The
Lord loves the righteous, the Lord cares for the stranger; he
sustains the orphan and widow.
In
last week's Gospel, we heard the story of the centurion of great
faith, and who sought to have his servant healed by Jesus. There was
an interesting tension in that account: on the one hand, there were
the centurion's friends and sympathizers who said that the centurion
was worthy of having this healing performed even though he was not a
Jew, and on the other hand, you had the centurion himself declaring
that he was not worthy. As I pointed out in my sermon, we do good
things not so that we can present them to God as a kind of resume,
but rather, doing good that we can do, we recognize that before the
Lord we are not worthy because our good is never unalloyed with a
little bad and even the good we do pales in comparison with him who
is goodness itself. What is particularly notable about last week's
Gospel in contrast with today's is that our Lord was asked to come
and perform that healing, while in today's, where he raises the only
son of a widow from the dead, he acts without being implored. As much
as we may have a sense that we are growing in holiness and in the
life of the Spirit, the more profound truth is that at some point we
were like this dead young man. To put it into the words of that
familiar hymn, I once was lost but now am found. At some point our
Lord found you; he came unsolicited and unwanted, by his own
authority and moved by his heart of love, to awake you out of
spiritual slumber. The Lord's greatest work is almost invariably
unsolicited, and this is so because so often we don't even realize
the good things we need or can have from the Lord. Gorging ourselves
on a steady diet of stale biscuits and water, we too often miss the
fact that our Lord has spread a table before us, and by his grace has
called us to partake, all of his own initiative.
It
is interesting to put the first and Gospel lessons in conversation
with one another. Both contain stories of raising a widow's only son
from the dead. Luke wants us to think of this scene from the life of
the prophet Elijah because he understands Jesus is a prophet, but of
course, he is even greater. This is evident if read them side by
side. The broken-hearted widow reproaches the prophet Elijah for the
death of her son. The prophet takes the child into an open room, and
beings to pray, Lord,
O Lord my God, hast thou brought calamity even upon the widow with
whom I sojourn?
Then he lays upon the child three times, and finally the
soul of the child comes into him again.
It is clear that this raising from the dead is by the power of God
and not by Elijah's power. He is merely the pleader and the
intercessor, the instrument through whom the Lord works. In contrast
when our Lord sees the young man being carried on the bier, thronged
with mourners and processing towards the grave, he sees the sorrowful
mother and has pity on this poor widow. Walking over and touching the
bier, he says, young man, I say unto thee, arise. Here our Lord is
seen not as the pleader and intercessor, but as the one in whom
authority is given to raise from the dead. Like the prophets, our
Lord proclaims the truth of God, but unlike the prophets, in
him dwells all the fullness of the Godhead bodily,
to use the words of St. Paul. Our Lord is not only the mouthpiece of
God as a prophet, but the incarnate God. He shows that he has
authority over every sickness and demon, and even over death.
But
someone might ask why didn't our Lord raise all deceased children?

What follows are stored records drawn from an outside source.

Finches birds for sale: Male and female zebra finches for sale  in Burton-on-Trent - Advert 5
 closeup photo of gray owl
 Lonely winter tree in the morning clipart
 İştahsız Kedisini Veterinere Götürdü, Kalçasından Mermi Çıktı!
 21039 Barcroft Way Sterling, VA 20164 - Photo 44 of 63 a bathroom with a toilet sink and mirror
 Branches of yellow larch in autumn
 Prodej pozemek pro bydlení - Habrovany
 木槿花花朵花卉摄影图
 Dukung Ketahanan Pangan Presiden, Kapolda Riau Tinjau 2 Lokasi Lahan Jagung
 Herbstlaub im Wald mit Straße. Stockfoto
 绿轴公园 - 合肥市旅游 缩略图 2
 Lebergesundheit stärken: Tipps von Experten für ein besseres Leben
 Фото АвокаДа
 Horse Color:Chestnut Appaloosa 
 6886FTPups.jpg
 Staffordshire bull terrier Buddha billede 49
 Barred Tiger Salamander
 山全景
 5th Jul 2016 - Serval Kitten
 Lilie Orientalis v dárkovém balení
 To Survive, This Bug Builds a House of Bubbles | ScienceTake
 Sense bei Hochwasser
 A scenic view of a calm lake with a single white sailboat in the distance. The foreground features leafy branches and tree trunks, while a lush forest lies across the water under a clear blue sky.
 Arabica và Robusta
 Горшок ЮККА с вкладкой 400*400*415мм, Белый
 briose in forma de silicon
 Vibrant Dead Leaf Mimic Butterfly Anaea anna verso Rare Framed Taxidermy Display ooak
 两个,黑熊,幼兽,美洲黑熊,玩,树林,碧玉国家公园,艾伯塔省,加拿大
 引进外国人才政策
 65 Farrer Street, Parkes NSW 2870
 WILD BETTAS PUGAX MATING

Was his compassion limited just to this widow? I like what George
MacDonald, the great 19th
century Scottish divine, had to say about this passage, O
mother! mother! wast thou more favoured than other mothers? Or was it
that, for the sake of all mothers as well as thyself, thou wast made
the type of the universal mother with the dead son—the raising of
him but a foretaste of the one universal bliss of mothers with dead
sons? Now
a modern interpreter might argue that widows were often destitute in
the ancient world, so our Lord's raising of the young man had more to
do with providing for her than sympathizing with her grief, but such
a view misses the plain wording of the Scripture: when
the Lord saw her, he had compassion on her and said unto her, Weep
not.
It is a horrible, horrible thing for a parent to bury a child. Some
of you may have been through that; others perhaps have seen loved
ones and friends mourn the death of a child. A window in this church
memorializes such a death. The thought of a child cut off in the
flower of youth is horrible to contemplate—lost life and joy
swallowed by the oblivion of death. And yet our Lord comes, he has
compassion; he touches the bier. He did this not just for this widow,
but for all mothers and fathers who mourn the death a child to show
them that he is the Lord even over death and destruction. In his
kingdom, the love between a mother and a son, a parent and a child
will find its reunion and fulfillment because God is love, and that
motherly love was a gift of his. Our Lord touches our sorrows and has
compassion on the those who mourn, and we pray that, to quote the
graveside prayers from the Book of Common Prayer, he would raise
us from the death of sin unto the life of righteousness.